Reliability is the ability of a system to remain operational over time, i.e., to offer the service it was designed for.

Cloud Hardware and software fails. In this note, we will try to find methods to analyze and predict when components fail, and how we can prevent this problem.

Defining the vocabulary

Availability

$$ \text{Availability} = \frac{\text{Uptime}}{\text{Uptime} + \text{Downtime}} $$

MTTF: Mean Time To Failure

$$ \text{MTTF} = \frac{1}{r} $$

This definition does not include repair time, and assumes the failures are independent with each other.

MTBF: Mean Time Between Failures

This considers the mean time of repair time. If we consider that the repair time is $x$ seconds, then the MTBF is just $x + \text{MTTF}$.

$$ \text{Availability} = \frac{\text{MTTF}}{x + \text{MTTF}} $$

Basic Failure Analysis

Every component is Necessary

If we assume to have $N$ components each with mean time to failure of $\frac{1}{r}$, then the system has a failure rate of $\frac{1}{N \cdot r}$, meaning the failure rate is multiplied by the number of components. This suggests that we can:

  • Ensure that each component is resistant (components have lower failure rate $r$)
  • We provide redundancy (higher $N$)
$$ \text{Availability}_{\text{system}} = 1 - \frac{N \cdot r \cdot x}{365 \cdot 24} $$

Only one is Necessary

We can model the number of working versions using Markov Chains, in a manner akin to what we have done in Queueing Theory for performance analysis.
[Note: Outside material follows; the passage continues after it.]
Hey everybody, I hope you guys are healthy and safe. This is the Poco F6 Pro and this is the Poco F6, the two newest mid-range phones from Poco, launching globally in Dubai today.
$$ \text{MTBF}_{\text{system}} = \sum_{i=0}^{N -1} \frac{1}{(N - i)r_i} $$

And the failure rate of the system is the inverse of the MTBF. MTBF stands for Mean Time Between Failures

$$ \text{Availability}_{\text{system}} = 1 - (1 - \text{Availability}_{\text{component}})^N $$

Parallelization and Reliability

If we had a single component that processes at a rate $X$, then the time to process it in parallel is $M / X$ where $M$ is the data.
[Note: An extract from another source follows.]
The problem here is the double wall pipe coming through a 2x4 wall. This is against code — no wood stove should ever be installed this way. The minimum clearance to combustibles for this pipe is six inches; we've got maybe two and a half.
If I add more components, I can process it in time $M / (N \cdot X)$ but I made the failure rate higher.

Best Effort

In some applications, we do not want the service to be down, but it would be ok to be inconsistent (remember Cloud Storage#CAP Theorem). For example, the google search could be a best effort application, here we do not offer service guarantees, but do the best to do it.

Error, Faults and Failures

Definition of the topic

  • Error: we get a result but it is incorrect (system is “working”, but not as specified)
    • Should be detected
    • Typically corrected by the system
  • Fault: some part of the system is not working and, as a result, some of its functionality might be compromised
    • Should be detected
    • Typically compensated through redundancy
  • Failure: system is not working
    • A range of situations that require different solutions
    • It needs more troubleshooting, the reasons could be multiple (performance, network errors, data corruption etc…).
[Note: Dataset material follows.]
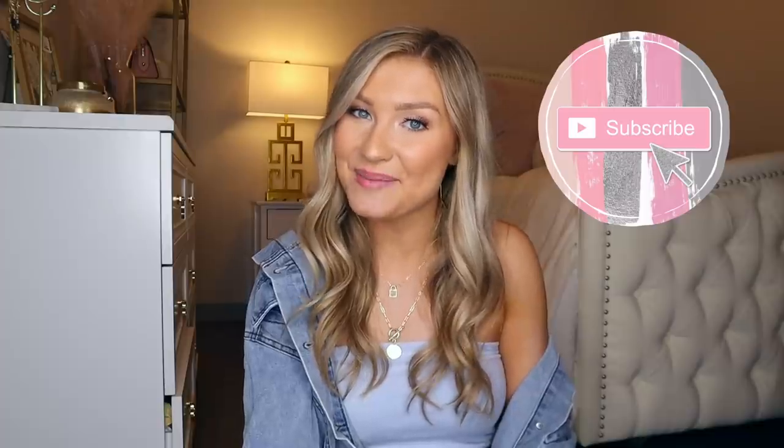Well guys, that was my dorm shopping tips and tricks. I hope that all of you are going to have a fabulous freshman, sophomore, or whatever year you're going into college. I know you're going to be amazing — stay safe. Let me know what tip you found the most useful down in the comments below. If you enjoyed this video, give it a big thumbs up, and if you want to join the family, click that subscribe button. I love you guys so much and I'll see you in my next video. Bye!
Detecting and predicting failures

In usual Cloud system we monitor the system to gather information about its health:

  • Data collection: activity, errors, configuration about each node.
  • Storage: We store the data plus some metadata (usually as time series).
  • Prediction use some Machine Learning tools to predict these kinds of failures, so that we can proactively solve them (instead of just reactively).

Then in order to hide the failures, every part of the stack should provide high availability and redundancy: not just software but also:

Providing Fault Tolerance

We need some form of replication for better reliability and error correction. Sometimes sharding is done (remember Distributed file systems).

Data Striping

The idea is to distribute data among several disks so that it can be accessed in parallel, this is usually implemented at RAID level, see Devices OS#RAID, level 0. This is a easier way to decrease latency and increase thoughput.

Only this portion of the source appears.